[Items from a data source]
____

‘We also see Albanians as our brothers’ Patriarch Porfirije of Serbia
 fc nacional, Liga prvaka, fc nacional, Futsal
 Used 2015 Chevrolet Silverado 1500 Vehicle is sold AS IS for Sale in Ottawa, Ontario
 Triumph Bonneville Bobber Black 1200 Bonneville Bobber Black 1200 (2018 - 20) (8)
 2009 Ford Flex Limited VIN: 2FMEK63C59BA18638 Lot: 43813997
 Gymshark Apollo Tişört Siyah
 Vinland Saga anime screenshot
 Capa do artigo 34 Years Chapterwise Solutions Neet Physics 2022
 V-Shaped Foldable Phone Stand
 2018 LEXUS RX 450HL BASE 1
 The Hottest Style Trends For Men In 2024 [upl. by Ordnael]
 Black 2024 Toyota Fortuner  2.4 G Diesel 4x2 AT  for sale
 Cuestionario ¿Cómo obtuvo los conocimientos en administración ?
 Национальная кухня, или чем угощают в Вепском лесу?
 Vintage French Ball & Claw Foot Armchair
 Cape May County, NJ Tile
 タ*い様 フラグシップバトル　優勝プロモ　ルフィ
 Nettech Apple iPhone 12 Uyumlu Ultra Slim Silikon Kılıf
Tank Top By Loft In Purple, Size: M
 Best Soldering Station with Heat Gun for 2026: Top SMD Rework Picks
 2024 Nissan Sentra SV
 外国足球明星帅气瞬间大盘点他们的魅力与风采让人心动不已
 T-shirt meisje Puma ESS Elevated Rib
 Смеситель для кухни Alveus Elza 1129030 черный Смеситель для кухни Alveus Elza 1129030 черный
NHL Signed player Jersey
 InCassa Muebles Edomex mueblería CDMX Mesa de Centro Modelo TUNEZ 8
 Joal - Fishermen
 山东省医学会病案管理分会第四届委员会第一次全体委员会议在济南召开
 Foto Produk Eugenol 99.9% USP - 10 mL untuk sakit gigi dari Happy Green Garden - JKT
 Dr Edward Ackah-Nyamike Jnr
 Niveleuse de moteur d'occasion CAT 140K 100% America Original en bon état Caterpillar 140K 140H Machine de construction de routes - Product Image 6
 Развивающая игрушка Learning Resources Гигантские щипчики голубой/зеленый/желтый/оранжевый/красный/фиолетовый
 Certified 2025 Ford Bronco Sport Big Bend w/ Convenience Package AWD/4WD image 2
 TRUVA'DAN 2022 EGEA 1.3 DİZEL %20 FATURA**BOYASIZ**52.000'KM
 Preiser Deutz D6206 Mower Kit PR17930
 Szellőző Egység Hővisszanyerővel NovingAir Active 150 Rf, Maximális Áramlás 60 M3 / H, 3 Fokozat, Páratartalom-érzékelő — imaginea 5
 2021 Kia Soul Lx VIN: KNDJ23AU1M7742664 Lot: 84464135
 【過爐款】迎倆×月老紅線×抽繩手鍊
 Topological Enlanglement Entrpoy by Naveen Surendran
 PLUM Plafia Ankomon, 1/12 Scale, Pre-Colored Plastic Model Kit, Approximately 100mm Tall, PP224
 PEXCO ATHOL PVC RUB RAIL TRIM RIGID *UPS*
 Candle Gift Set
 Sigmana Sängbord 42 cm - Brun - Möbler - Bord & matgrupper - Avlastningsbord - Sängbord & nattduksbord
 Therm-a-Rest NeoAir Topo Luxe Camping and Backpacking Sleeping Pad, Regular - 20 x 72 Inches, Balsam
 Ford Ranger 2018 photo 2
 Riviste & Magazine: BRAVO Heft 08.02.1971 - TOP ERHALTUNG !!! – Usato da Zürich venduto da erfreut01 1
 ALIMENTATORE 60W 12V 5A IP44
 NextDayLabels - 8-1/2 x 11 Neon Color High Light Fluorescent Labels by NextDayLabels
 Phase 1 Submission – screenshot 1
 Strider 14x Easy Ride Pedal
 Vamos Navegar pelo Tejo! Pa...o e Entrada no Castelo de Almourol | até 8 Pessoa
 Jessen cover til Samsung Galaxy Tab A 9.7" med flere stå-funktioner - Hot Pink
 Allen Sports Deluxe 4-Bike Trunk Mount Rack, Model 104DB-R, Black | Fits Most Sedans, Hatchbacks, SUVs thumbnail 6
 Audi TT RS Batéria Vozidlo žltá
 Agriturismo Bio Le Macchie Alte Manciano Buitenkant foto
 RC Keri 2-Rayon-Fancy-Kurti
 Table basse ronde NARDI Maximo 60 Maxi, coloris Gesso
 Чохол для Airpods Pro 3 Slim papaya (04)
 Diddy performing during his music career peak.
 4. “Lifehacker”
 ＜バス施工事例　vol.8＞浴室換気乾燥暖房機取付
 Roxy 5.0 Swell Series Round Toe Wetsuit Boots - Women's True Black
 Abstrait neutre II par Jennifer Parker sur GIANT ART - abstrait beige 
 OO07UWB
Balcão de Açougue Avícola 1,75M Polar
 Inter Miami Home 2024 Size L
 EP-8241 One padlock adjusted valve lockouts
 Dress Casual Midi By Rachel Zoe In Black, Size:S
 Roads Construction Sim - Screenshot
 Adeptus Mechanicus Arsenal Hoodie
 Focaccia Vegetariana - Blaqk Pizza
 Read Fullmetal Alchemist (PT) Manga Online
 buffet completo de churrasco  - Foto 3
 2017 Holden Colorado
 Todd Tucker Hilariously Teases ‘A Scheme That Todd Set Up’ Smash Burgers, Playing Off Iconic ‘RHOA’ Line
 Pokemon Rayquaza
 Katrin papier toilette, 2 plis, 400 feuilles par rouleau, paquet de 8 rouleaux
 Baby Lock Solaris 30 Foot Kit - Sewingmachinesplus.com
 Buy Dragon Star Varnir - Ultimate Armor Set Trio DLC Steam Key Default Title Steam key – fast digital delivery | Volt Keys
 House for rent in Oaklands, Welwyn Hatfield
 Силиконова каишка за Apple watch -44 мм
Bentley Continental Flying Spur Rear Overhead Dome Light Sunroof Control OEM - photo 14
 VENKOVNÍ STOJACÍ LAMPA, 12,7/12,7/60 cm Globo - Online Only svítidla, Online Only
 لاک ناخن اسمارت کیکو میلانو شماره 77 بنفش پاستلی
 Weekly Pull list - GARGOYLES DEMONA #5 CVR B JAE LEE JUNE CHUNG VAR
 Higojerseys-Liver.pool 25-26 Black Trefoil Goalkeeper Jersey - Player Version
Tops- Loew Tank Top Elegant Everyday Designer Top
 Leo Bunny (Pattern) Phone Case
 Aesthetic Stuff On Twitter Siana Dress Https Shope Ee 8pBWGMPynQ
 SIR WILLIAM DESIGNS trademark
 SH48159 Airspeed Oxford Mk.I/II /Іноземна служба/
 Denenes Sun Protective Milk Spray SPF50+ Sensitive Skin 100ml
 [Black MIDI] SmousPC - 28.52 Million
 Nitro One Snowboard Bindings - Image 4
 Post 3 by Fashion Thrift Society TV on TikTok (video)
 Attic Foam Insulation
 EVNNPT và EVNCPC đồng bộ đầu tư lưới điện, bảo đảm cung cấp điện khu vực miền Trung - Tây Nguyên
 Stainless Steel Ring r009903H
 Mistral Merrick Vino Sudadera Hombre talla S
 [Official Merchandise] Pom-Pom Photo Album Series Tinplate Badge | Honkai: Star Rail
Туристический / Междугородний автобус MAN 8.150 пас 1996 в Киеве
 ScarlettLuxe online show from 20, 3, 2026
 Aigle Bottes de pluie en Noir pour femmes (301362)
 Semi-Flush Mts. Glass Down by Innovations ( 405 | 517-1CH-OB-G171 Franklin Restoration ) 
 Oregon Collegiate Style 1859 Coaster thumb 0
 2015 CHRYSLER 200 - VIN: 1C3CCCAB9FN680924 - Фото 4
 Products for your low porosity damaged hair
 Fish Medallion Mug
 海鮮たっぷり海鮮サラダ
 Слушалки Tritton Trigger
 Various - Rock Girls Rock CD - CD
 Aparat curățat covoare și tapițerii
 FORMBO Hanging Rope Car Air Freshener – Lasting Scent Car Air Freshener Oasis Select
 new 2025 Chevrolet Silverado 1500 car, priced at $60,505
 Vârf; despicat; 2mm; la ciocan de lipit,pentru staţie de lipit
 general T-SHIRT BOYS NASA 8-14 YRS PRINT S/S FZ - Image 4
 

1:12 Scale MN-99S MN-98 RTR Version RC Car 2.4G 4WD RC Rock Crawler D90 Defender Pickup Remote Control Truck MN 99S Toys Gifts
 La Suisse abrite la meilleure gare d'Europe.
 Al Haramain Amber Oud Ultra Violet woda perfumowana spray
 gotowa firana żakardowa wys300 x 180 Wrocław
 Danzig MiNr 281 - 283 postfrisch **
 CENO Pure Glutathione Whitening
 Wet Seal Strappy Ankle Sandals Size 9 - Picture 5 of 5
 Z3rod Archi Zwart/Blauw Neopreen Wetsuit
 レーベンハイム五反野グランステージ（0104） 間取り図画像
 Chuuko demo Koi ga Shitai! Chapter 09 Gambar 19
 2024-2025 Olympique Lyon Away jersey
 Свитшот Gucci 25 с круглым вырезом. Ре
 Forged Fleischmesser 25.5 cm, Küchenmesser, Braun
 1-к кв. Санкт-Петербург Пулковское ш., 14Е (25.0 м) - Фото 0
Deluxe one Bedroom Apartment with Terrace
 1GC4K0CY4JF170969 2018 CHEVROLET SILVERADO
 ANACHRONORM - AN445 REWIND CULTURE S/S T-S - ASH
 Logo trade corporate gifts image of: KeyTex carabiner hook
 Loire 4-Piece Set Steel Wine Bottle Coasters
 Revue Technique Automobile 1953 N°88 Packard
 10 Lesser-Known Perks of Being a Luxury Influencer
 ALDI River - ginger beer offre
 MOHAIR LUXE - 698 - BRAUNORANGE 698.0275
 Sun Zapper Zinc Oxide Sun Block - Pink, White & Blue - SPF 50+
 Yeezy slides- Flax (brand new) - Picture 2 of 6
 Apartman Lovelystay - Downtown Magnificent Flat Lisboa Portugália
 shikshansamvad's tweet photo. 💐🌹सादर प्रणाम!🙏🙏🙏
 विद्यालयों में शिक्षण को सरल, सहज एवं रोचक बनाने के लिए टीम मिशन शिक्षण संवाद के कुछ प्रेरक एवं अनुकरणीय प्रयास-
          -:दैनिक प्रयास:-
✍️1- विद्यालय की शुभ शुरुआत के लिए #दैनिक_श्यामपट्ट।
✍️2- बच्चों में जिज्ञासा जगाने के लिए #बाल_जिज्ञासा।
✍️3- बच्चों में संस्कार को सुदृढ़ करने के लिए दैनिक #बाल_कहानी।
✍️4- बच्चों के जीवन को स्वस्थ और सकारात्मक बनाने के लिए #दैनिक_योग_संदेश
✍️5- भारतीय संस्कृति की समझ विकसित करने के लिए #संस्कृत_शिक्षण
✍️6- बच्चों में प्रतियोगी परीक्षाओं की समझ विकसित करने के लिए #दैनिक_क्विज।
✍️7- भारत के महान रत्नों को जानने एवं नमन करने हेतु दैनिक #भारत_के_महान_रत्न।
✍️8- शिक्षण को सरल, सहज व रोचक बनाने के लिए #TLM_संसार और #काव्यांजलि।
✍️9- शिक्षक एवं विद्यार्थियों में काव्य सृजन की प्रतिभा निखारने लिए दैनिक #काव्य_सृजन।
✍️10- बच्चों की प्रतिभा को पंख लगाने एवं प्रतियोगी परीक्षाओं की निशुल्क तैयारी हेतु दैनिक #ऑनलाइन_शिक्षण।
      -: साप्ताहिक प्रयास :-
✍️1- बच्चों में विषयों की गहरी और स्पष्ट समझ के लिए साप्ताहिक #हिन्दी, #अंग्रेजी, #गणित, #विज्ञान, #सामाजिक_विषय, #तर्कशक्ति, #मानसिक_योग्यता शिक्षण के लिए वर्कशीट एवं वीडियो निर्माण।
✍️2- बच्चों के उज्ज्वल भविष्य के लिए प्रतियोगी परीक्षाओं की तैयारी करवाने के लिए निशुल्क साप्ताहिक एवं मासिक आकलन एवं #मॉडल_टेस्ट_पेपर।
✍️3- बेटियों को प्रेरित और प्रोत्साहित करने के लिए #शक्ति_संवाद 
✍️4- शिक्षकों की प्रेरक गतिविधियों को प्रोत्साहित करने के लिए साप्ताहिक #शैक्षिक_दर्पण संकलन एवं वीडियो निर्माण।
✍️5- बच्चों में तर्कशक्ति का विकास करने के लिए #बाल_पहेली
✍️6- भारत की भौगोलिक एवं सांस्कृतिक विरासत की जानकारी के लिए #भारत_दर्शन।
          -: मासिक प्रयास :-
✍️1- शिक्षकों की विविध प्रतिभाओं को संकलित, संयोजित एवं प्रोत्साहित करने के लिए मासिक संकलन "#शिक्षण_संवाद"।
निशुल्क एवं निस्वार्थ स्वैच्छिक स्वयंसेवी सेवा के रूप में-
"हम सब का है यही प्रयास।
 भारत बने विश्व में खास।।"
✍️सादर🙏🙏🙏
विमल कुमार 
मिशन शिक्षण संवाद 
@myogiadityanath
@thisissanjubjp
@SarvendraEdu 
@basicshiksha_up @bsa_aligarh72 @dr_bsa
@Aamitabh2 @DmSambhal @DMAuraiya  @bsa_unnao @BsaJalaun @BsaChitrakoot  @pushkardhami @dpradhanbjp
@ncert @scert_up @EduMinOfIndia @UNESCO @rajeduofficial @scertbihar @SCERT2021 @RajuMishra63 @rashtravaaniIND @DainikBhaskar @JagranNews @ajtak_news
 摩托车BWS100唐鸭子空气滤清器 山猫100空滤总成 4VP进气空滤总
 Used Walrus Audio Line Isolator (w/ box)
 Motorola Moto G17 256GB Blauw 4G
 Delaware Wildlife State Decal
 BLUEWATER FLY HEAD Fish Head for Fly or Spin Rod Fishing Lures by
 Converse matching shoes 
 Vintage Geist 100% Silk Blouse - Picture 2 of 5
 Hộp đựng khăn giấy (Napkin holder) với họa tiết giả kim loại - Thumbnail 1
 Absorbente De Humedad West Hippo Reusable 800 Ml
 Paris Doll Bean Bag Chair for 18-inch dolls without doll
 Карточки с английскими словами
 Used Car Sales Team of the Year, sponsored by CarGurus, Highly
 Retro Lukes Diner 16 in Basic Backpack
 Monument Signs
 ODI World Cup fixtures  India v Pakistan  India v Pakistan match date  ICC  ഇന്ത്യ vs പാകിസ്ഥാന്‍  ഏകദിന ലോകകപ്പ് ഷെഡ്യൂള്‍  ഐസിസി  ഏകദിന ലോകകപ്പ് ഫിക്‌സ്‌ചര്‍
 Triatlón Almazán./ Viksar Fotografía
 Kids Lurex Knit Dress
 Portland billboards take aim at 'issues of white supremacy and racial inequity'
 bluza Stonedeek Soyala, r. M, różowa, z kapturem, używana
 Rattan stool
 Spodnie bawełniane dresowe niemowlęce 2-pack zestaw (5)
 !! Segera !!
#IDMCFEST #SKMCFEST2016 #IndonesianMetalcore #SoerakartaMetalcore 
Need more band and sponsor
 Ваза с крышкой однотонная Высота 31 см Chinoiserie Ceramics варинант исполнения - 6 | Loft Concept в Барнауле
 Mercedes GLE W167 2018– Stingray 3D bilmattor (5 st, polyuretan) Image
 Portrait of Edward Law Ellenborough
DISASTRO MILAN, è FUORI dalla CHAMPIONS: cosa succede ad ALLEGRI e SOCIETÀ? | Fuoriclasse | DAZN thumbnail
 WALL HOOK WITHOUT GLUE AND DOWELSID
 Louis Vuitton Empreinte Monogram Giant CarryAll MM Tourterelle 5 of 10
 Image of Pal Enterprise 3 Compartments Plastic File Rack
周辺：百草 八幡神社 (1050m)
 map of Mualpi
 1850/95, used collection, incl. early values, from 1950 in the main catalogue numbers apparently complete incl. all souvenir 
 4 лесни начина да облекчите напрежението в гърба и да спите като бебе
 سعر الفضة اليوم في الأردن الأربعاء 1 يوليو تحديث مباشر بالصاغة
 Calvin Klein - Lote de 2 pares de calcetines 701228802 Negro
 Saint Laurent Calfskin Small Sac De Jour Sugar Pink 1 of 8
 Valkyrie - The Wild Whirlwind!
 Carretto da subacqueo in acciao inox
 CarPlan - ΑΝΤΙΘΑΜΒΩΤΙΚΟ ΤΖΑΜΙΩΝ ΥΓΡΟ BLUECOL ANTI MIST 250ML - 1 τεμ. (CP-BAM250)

____

§ **Assignment**: Using the data above, reproduce exactly the lines between those holding "Nitro One Snowboard Bindings - Image 4" and "Danzig MiNr 281 - 283 postfrisch **", inclusive, and no others.

§ **Response to the task**:
 Nitro One Snowboard Bindings - Image 4
 Post 3 by Fashion Thrift Society TV on TikTok (video)
 Attic Foam Insulation
 EVNNPT và EVNCPC đồng bộ đầu tư lưới điện, bảo đảm cung cấp điện khu vực miền Trung - Tây Nguyên
 Stainless Steel Ring r009903H
 Mistral Merrick Vino Sudadera Hombre talla S
 [Official Merchandise] Pom-Pom Photo Album Series Tinplate Badge | Honkai: Star Rail
Туристический / Междугородний автобус MAN 8.150 пас 1996 в Киеве
 ScarlettLuxe online show from 20, 3, 2026
 Aigle Bottes de pluie en Noir pour femmes (301362)
 Semi-Flush Mts. Glass Down by Innovations ( 405 | 517-1CH-OB-G171 Franklin Restoration ) 
 Oregon Collegiate Style 1859 Coaster thumb 0
 2015 CHRYSLER 200 - VIN: 1C3CCCAB9FN680924 - Фото 4
 Products for your low porosity damaged hair
 Fish Medallion Mug
 海鮮たっぷり海鮮サラダ
 Слушалки Tritton Trigger
 Various - Rock Girls Rock CD - CD
 Aparat curățat covoare și tapițerii
 FORMBO Hanging Rope Car Air Freshener – Lasting Scent Car Air Freshener Oasis Select
 new 2025 Chevrolet Silverado 1500 car, priced at $60,505
 Vârf; despicat; 2mm; la ciocan de lipit,pentru staţie de lipit
 general T-SHIRT BOYS NASA 8-14 YRS PRINT S/S FZ - Image 4
 

1:12 Scale MN-99S MN-98 RTR Version RC Car 2.4G 4WD RC Rock Crawler D90 Defender Pickup Remote Control Truck MN 99S Toys Gifts
 La Suisse abrite la meilleure gare d'Europe.
 Al Haramain Amber Oud Ultra Violet woda perfumowana spray
 gotowa firana żakardowa wys300 x 180 Wrocław
 Danzig MiNr 281 - 283 postfrisch **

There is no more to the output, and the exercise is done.